# API Test Kit -- Leaky Caps?



## animal chin (Feb 13, 2008)

When performing my API Nitrate test, and shaking for one minute after adding the second solution, my test tubes leak all over. I have to wrap the test tube in a towel when I mix it and after one minute, I lose 10-25% of the solution in the test tube.

I got two new ones with an API KH/GH test kit and they have the same problem, even when gently inverting once or twice after each drop of a KH test (though I don't lose as much solution with these).

Am I doing something wrong? I try to put the cap on tightly and all the way, and I air dry them after rinsing them out after each use -- no dishwasher or anything.

Can I order better vials or better caps somewhere?

Thanks,

ac


----------



## Natty (Apr 2, 2008)

LMAO!!

I have the same issue. You must be shaking it too hard to lose 10% to 25%. It must be hilarious watching you shake them like crazy

Scenario:

(Mom walks in)

*Omg (Your Name Here)! I heard rumors but I didn't know it was true! No more brownies!!*

Anyhow. I've found out that you're suppose to shake it but not as hard as you might think. You're just turning them upside down and rightside up a few times.

The only tests that requires a lot of shaking is the nitrate, but do that though. The solution just needs to be mixed a lot.

I'm going ot try another one and shake it really hard and see if the results come out differently.

But yes, they do leak. Would have thought that since they require you to shake it, they would have at least made it leak proof? That's the world for you.


----------



## Natty (Apr 2, 2008)

Yep! Just tested it. 

Test 1. I just turned it up and down a couple of times.

Test 2. Shake it like mad!

-------

Same results but this is what I've found:

test 1 shows the result slower, test 2 shows the result a lot faster.

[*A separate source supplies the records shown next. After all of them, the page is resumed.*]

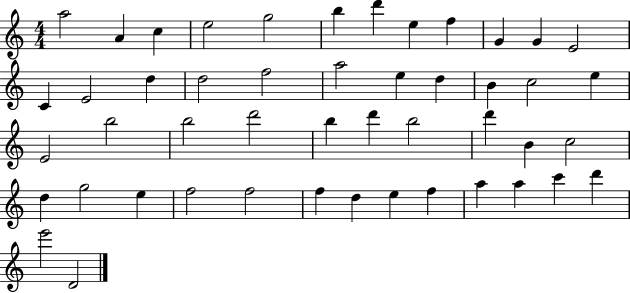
A5/h A4/q C5/q E5/h G5/h B5/q D6/q E5/q F5/q G4/q G4/q E4/h C4/q E4/h D5/q D5/h F5/h A5/h E5/q D5/q B4/q C5/h E5/q E4/h B5/h B5/h D6/h B5/q D6/q B5/h D6/q B4/q C5/h D5/q G5/h E5/q F5/h F5/h F5/q D5/q E5/q F5/q A5/q A5/q C6/q D6/q E6/h D4/h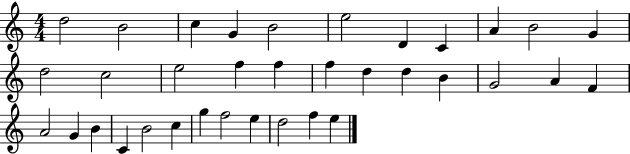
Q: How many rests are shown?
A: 0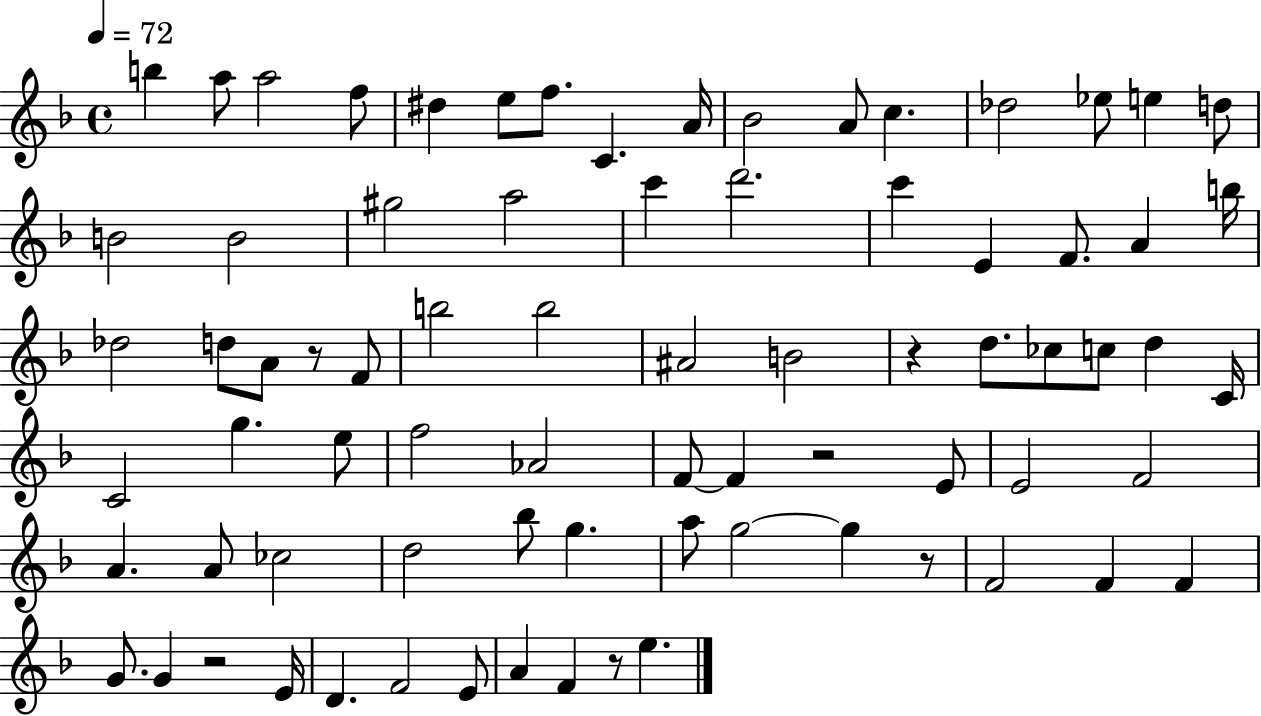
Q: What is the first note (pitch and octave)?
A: B5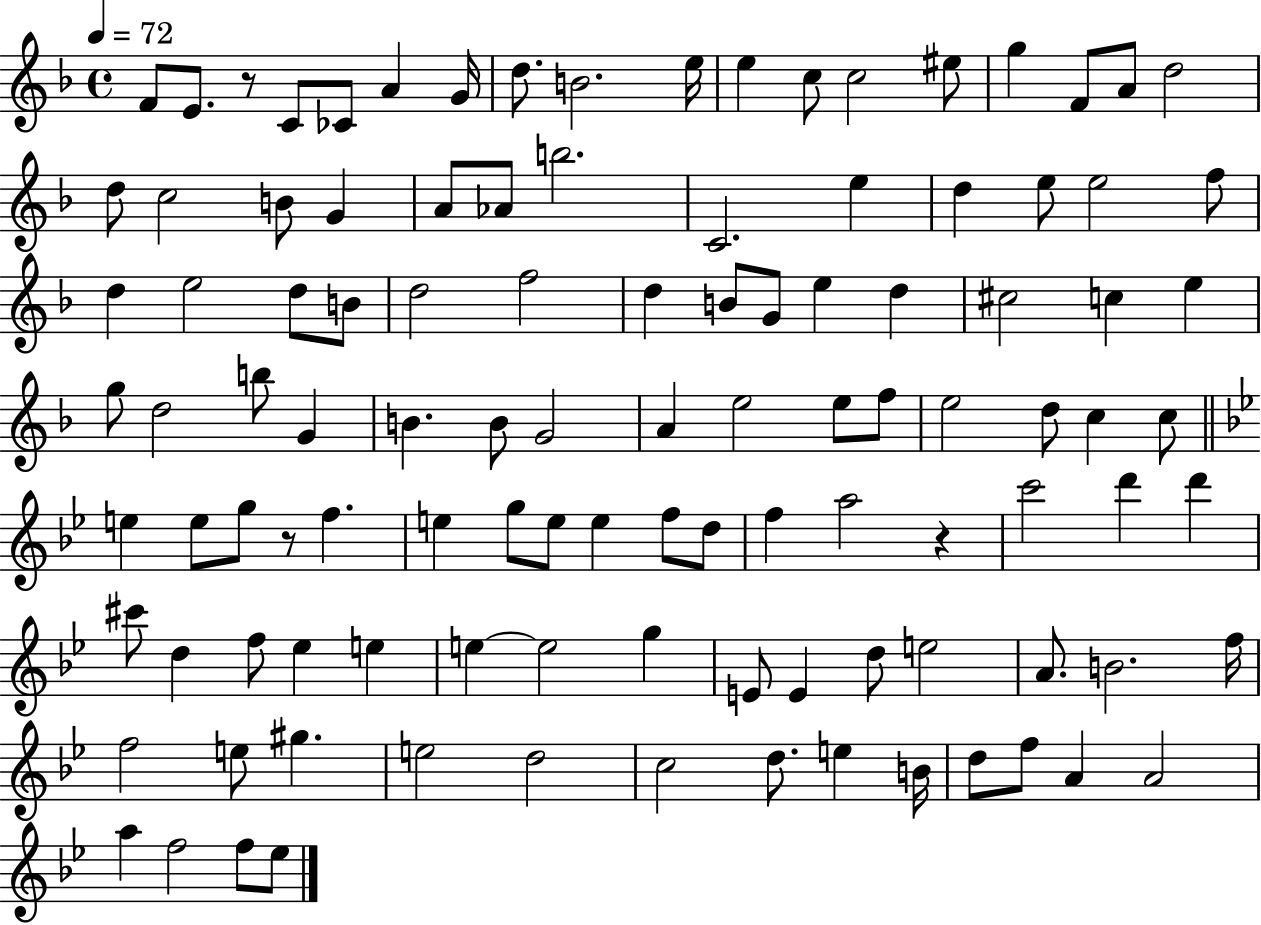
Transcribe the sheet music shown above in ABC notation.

X:1
T:Untitled
M:4/4
L:1/4
K:F
F/2 E/2 z/2 C/2 _C/2 A G/4 d/2 B2 e/4 e c/2 c2 ^e/2 g F/2 A/2 d2 d/2 c2 B/2 G A/2 _A/2 b2 C2 e d e/2 e2 f/2 d e2 d/2 B/2 d2 f2 d B/2 G/2 e d ^c2 c e g/2 d2 b/2 G B B/2 G2 A e2 e/2 f/2 e2 d/2 c c/2 e e/2 g/2 z/2 f e g/2 e/2 e f/2 d/2 f a2 z c'2 d' d' ^c'/2 d f/2 _e e e e2 g E/2 E d/2 e2 A/2 B2 f/4 f2 e/2 ^g e2 d2 c2 d/2 e B/4 d/2 f/2 A A2 a f2 f/2 _e/2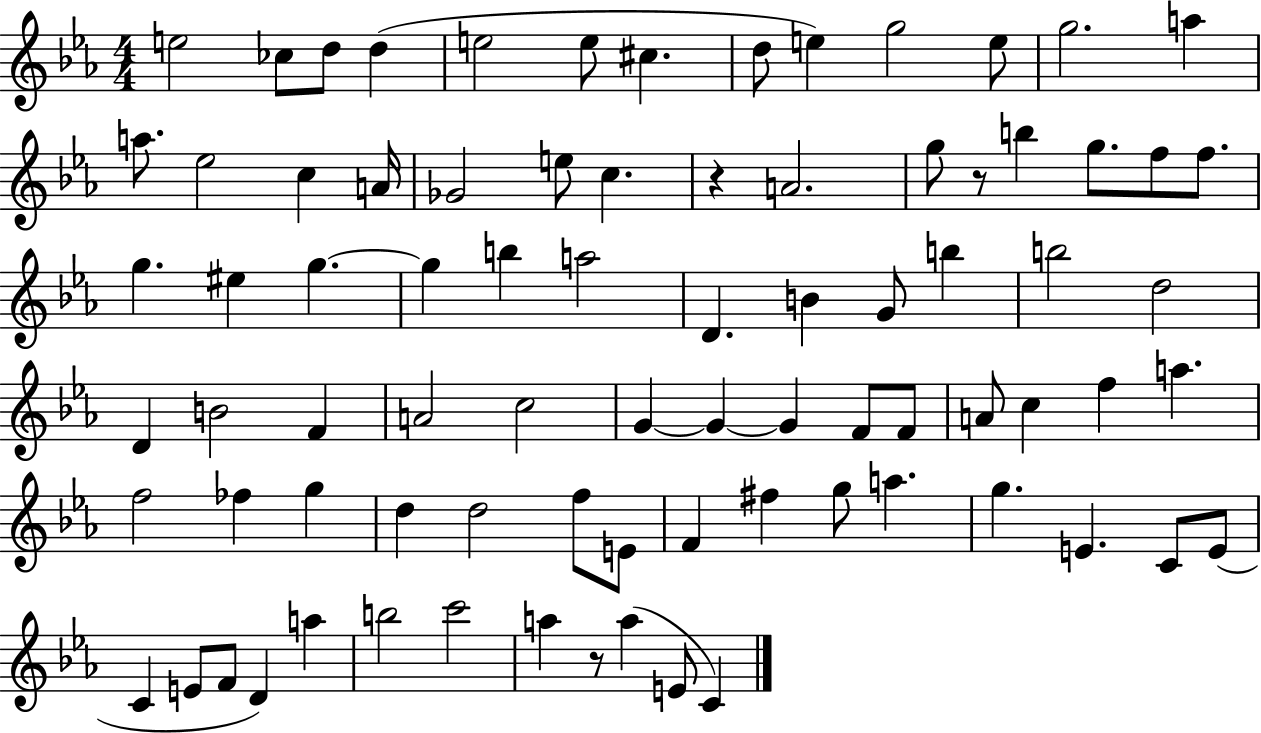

But they both eventually showed the same result.


----------



## NwFishinfool (May 4, 2007)

AC,

I have some API kits as well as some from Hagen. I tend to use the tubes from the Hagen kits for all my testing since they do not leak so much. The hagen caps fit inside the tube and seal around the top of the tube. 

Mike


----------



## animal chin (Feb 13, 2008)

Natty,

Very funny, even though it's been a long time since I lived with Mom. Anyway, shaking too hard is the obvious culprit, but it's annoying they even leak a little when only inverting a few times. At least enough to get the outside of the vial wet.

Mike,

Thanks for the info. I've tried to track down some replacement vials and/or caps, but haven't had any luck. Now with a specific brand to look for, maybe I will have better luck.

Another thought...the test kit instructions say not to use your finger over the vial, but I'm considering trying it. Do you think that would really skew the results?


----------



## animal chin (Feb 13, 2008)

Found these replacement tubes. A little more than I though I would spend, but I might give them a try.

EDIT -- Just found them cheaper at Big Al's and ordered a few. 

Thanks again!

ac


----------



## Natty (Apr 2, 2008)

There's actually an idea that I have that wouldn't need you to actually buy new test tubes. But since you bought it already. Oh well!

I'll test that idea now and tell you the results.


----------



## Natty (Apr 2, 2008)

IT WORKS!!!!

Its actually a lot more efficient than I thought too! I'm actually going to use this method.

With this method you don't need to buy new test tubes and removing the cap is also extremely fast and easy.

I'll edit this and post pictures in a second. If I were you I'd cancel your order. It's seriously not worth it.


----------



## Natty (Apr 2, 2008)

*MY METHOD* (Recently found so you don't have to trip about the API test tube caps from leaking and going out and spending more of your precious $$)

This method is almost leak proof especially if you press firmly. I even tried shaking it upside down with all the water on the plastic slip and it still works with VERY little water leaking (I actually didn't have any leak but almost did)

*Pros:*
- Unlike the caps that came with API, you don't have to twist and pull to get them off, you just slip it right off and when you want to close you slip it right over the top again!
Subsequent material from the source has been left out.